Pada bagian kedua buku ini paradigma neneknya dijadikan
objek pengamatan si Aku. Neneknya begitu menghayati bulan Ramadan sampai-sampai
merasa sebal dengan perubahan kebiasaan berdulag anak-anak. Menurutnya,
sekarang (berdasarkan latar waktu buku ini) anak-anak hanya asal berdulag saja.
Penghayatan itu disandingkan dengan pengabaian neneknya atas ajaran Islam pada
waktu-waktu lain, seperti tidak salat, dst.. Memang, sebagaimana pengakuannya,
keluarga si Aku adalah kalangan abangan. Pada kesempatan lain neneknya sakit.

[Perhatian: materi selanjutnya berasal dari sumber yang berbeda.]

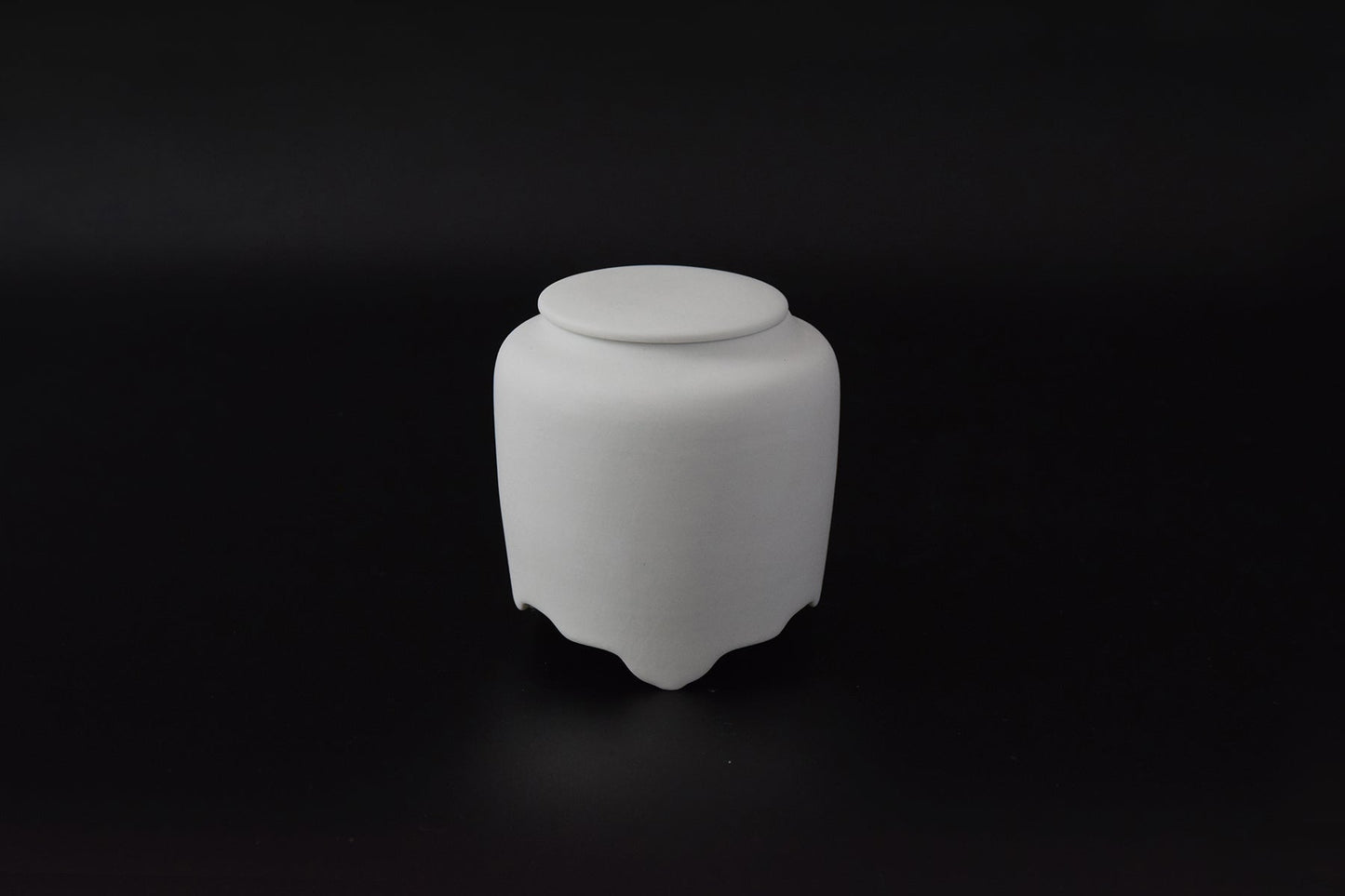 Pot à encens avec couvercle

Tapi, dia tidak mau diajak berobat ke dokter. Diberi obat pun tidak dimakannya.
Dia baru mau diobati oleh dukun. Saat menceritakan neneknya, si Aku hanya
bersikap sebagai pengamat. Dia tidak memberi penilaian, apalagi menghakimi.
Rasanya neneknya lebih didudukkan sebagai contoh kasus paradigma orang-orang
tua yang tinggal di suatu daerah pinggiran.
Perjalanan Penganten adalah penilaian orang yang telah
terbiasa tinggal di kota atas apa-apa yang ada di kampung halamannya, suatu
daerah pinggiran. Ada nada mencibir dan rasa lebih maju dalam penilaian itu.